How much money do you need to start a family trust?
Mia Ramsey
Published Mar 29, 2026
Family trust cost between $100-$700 to set up (depending who you get to do it and which state you live in – NSW charge a $500 fee whereas most states like QLD charge nothing, see here for details). When setting up a family trust, either get your solicitor to fix you up or use cheaper online legal services.
Is it worth starting a family trust?
Family trusts can be beneficial for protecting vulnerable beneficiaries who may make unwise spending decisions if they controlled assets in their own name. A spendthrift child, or a child with a gambling addiction can have access to income but no access to a large capital sum that could be quickly spent.
How do I set up a family trust for my business?
In terms of establishing a family discretionary trust there are 7 steps involved:
- Select A Trustee – the trustee can be one or more individuals or a private (i.e. proprietary limited) company specifically set up to act as trustee.
- Prepare Family/Discretionary Trust Deed.
- Settle the Trust.
- Trustee(s) Sign the Trust Deed.
Can a family trust own shares?
Can a trust be a shareholder? A trust cannot own shares in a company because the law says a trust is not a separate legal person. For example, the ‘John Smith Family Trust’ cannot own shares or any other property.
Like any type of legal documentation, setting up a family trust does cost money. In fact, the initial start up cost can be about $2,500 and then the same amount again annually in maintenance-type fees.

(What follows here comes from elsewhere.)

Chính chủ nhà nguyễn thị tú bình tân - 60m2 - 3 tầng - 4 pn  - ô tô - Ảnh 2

Can I put my salary into a family trust?
The high-income individual directs their earnings into a trust. These can’t be wage and salary earnings, so they are generally business or investment income. The trustee will generally make payments to those beneficiaries with the lowest incomes, who will pay the least tax.
What can a trust do for a family business?

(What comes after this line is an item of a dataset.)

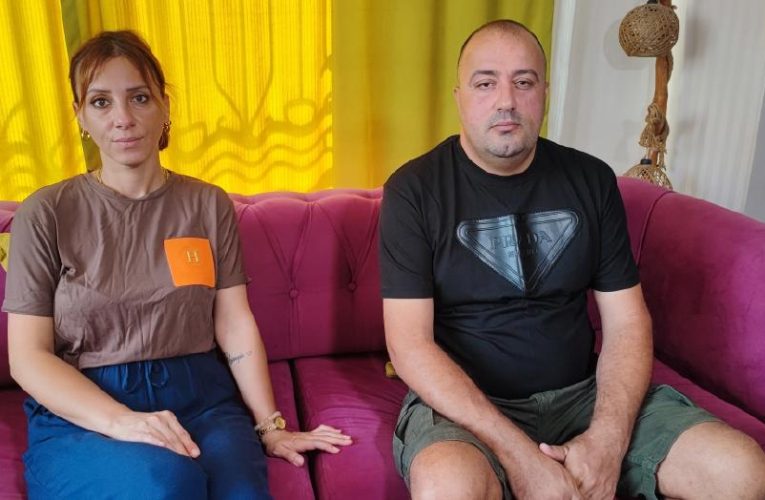 Girne’deki faciadan kurtuldular. “Gemi üzerime devrildi”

Family Business held through Trusts, assist families in structuring their businesses in a way that ensures business continuity and preservation along the generations, in accordance with the wishes of the founders of the relevant business. Highlights of what a Trust can achieve when holding a Family Business:
What are the different types of family trusts?

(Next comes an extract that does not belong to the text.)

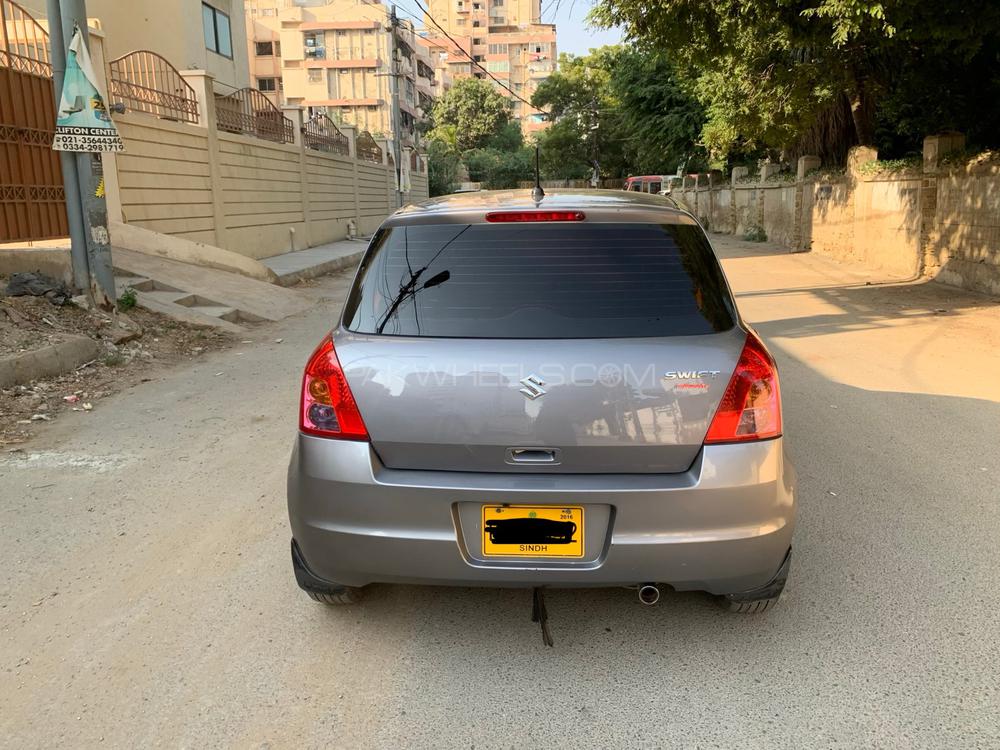 Suzuki Swift 2016 for Sale in Karachi Suzuki Swift 2016 for Sale in Karachi Image-7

A trust that has individuals acting as trustees exposes the trustees (the individual, or individuals) to same levels of business risk as a sole trader. Broadly speaking there are two common types of trusts that you will encounter when making your business structuring decision: Fixed Trusts and Discretionary Trusts.
When does a family business trust become irrevocable?
It is then possible for the business owner to transfer his or her business at death, when the trust becomes irrevocable. For a typical two-spouse family, usually the family trust will become partly irrevocable and partly revocable after the first death.
When does trust a become part of the family group?
The FTE specifies the same individual named in the FTE of Trust A resulting in Trust B becoming part of the specified individual’s family group. As Trust B has a FTE in force from 1 July 2013, it is treated as having been a member of the family group in relation to the $50,000 distribution made by the trustee of Trust A in the 2014–15 income year.